Subia o Chiado ou passeava pela Baixa impecável, de fato e chapéu de feltro, umas vezes de gravata outras de laço, sobretudo vestido ou no braço, e quase sempre a fumar. A imagem fica completa com um bigode pequeno, uns óculos redondos ou ovais e um rosto sereno, mas algo triste. Não parece haver sorriso algum nas poucas fotos de Fernando Pessoa (1888-1935) nem nos retratos que dele fazem artistas como Alberto Cutileiro e Almada Negreiros.

Era assim, discreto, que caminhava entre os escritórios onde trabalhava, redigindo cartas comerciais em inglês, e as tertúlias do Café Martinho da Arcada, no Terreiro do Paço, onde se sentava à mesa com os escritores Raul Leal ou António Botto. É assim que aparece na célebre fotografia em que toma um copo de vinho numa loja da Abel Pereira da Fonseca e que mais tarde haveria de enviar a Ofélia Queirós, reatando o namoro, com a dedicatória bem-humorada “Fernando Pessoa em flagrante delitro”.

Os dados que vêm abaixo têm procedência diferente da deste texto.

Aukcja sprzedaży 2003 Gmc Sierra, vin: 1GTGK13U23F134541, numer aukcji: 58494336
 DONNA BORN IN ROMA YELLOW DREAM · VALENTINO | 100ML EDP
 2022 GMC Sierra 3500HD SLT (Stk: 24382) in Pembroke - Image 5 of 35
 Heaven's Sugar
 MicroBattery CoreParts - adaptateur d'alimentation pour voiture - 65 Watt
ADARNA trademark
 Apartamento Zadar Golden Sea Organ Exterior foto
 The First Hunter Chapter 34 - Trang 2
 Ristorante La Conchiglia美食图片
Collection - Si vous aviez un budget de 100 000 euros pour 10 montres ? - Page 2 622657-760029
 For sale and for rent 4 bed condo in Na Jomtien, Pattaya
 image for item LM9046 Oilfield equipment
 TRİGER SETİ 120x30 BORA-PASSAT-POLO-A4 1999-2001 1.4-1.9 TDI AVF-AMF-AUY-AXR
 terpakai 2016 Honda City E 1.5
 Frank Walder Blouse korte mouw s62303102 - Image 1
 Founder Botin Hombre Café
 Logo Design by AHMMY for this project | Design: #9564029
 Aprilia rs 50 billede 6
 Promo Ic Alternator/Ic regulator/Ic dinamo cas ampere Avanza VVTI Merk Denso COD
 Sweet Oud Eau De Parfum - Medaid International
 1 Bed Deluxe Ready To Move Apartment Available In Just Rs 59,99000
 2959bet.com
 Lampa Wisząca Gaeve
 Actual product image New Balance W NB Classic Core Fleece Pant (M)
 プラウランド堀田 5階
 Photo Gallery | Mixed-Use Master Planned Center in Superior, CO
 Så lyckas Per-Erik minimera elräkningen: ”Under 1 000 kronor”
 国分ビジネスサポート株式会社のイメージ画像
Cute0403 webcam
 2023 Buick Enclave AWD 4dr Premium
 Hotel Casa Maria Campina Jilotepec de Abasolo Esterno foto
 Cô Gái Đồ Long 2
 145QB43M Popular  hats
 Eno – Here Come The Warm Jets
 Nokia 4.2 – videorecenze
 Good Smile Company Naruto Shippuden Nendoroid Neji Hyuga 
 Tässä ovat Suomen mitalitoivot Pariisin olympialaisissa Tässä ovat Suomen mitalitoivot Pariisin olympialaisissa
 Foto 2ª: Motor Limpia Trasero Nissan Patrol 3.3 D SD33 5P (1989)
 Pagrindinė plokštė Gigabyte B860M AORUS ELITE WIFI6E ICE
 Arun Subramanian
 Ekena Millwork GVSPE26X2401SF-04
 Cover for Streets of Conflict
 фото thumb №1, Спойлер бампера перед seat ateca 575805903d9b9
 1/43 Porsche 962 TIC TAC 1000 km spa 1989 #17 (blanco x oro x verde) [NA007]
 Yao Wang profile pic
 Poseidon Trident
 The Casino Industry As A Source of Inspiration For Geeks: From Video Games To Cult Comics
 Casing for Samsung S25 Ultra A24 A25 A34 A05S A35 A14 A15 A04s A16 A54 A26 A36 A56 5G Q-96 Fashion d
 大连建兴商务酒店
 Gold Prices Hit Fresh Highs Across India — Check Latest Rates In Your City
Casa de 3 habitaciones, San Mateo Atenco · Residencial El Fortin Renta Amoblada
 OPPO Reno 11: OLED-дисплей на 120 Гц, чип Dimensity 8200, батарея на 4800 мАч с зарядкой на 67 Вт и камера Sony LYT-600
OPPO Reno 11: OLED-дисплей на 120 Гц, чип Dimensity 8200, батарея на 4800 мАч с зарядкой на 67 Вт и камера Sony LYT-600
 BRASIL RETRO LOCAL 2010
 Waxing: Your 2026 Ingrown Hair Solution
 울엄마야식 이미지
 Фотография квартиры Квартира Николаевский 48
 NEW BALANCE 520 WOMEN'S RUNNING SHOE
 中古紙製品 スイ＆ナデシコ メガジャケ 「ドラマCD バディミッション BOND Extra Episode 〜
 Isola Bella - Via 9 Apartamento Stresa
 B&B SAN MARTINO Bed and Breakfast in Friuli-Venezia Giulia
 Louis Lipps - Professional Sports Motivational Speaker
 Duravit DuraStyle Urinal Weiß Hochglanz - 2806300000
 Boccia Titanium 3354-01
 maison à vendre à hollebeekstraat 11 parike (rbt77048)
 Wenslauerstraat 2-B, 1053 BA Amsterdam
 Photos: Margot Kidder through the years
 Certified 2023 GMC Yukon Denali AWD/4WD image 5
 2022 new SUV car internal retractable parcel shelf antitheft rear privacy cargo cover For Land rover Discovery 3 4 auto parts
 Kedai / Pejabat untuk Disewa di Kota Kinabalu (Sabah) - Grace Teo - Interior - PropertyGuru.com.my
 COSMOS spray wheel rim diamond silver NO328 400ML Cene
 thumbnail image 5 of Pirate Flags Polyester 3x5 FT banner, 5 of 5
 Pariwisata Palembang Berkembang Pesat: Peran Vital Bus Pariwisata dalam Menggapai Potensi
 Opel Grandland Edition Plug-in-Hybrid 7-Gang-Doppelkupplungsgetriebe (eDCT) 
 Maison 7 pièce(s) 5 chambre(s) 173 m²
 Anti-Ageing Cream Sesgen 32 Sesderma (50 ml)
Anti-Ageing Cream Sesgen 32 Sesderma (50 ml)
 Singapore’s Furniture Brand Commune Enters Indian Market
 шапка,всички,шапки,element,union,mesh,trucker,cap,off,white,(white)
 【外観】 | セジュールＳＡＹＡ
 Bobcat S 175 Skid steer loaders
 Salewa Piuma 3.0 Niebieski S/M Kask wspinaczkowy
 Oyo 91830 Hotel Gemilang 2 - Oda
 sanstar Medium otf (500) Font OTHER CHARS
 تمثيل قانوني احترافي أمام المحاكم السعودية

É pela figura do poeta que começa a exposição que inaugura o calendário 2018 no Museu Rainha Sofia, em Madrid - Pessoa. Toda a arte é uma forma de literatura (7 de Fevereiro a 7 de Maio). João Fernandes, o curador português que é também subdirector da casa, divide com Ana Ara o comissariado desta mostra que parte do autor da Mensagem, grande protagonista das vanguardas, para chegar à arte que se fazia em Portugal nas primeiras décadas do século XX.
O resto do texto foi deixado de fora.